Calculate trend in array using linear regression - r

I have an array of the dimensions c(54,71,360) which contains climatalogical data. The first two dimensions describe the grid of the region, while the third one serves as time dimension. So in this case, there are 360 time steps (months).
Here is code to produce a sample array:
set.seed(5)
my_array <- array(sample(rnorm(100), 600, replace=T), dim= c(54,71,360))
Now I would like to calculate the trend of each grid cell. The trend is equal to the slope of the linear regression equation. This is why the calculation of the linear regression of every grid cell with the time needs to be performed. And this is exactly what I am struggeling with.
To clearly show what I wish to do, here is an example with one grid cell, which is taken from the array as a vector of the length 360:
grid_cell <- my_array[1,1,]
The linear regression of this vector with the time needs to be calculated.
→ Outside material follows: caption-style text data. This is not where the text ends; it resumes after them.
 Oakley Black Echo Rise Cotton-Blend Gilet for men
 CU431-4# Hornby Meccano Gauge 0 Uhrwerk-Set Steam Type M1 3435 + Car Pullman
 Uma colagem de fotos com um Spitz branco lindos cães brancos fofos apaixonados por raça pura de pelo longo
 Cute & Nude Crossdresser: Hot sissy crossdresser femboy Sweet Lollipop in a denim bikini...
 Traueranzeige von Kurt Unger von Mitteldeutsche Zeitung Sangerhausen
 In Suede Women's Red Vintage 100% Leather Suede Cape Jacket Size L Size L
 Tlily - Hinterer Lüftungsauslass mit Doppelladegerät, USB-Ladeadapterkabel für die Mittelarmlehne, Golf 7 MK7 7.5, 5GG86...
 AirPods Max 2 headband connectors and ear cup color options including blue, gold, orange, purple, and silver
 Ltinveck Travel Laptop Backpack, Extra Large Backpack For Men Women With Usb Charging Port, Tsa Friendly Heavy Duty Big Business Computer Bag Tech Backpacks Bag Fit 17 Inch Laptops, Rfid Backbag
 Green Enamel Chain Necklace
For that purpose, we create a simple time vector:
time_vec <- 1:360
Since I am only interested at the slope coefficient, it can be done this way:
trend <- lm(grid_cell ~ time_vec)$coefficients[2]
This leads to a value of 1.347029e-05 in this case.
I would like to do this for every grid cell of the array, so that the output is a matrix of the dimensions c(54,71), meaning one trend value for each grid cell.
I tried the following, which did not work:
trend_mat <- apply(my_array, 1:2, lm(my_array ~ time_vec)$coefficients[2])
I receive the error message:Error in model.frame.default: variable lengths differ.
This is kind of surprising, since both, the third dimension of the array and the time_vec are both of the length 360.
Anybody with an idea how to achieve this?
Of course I am also open for other solutions which may work totally differently, as long as they lead to the same result.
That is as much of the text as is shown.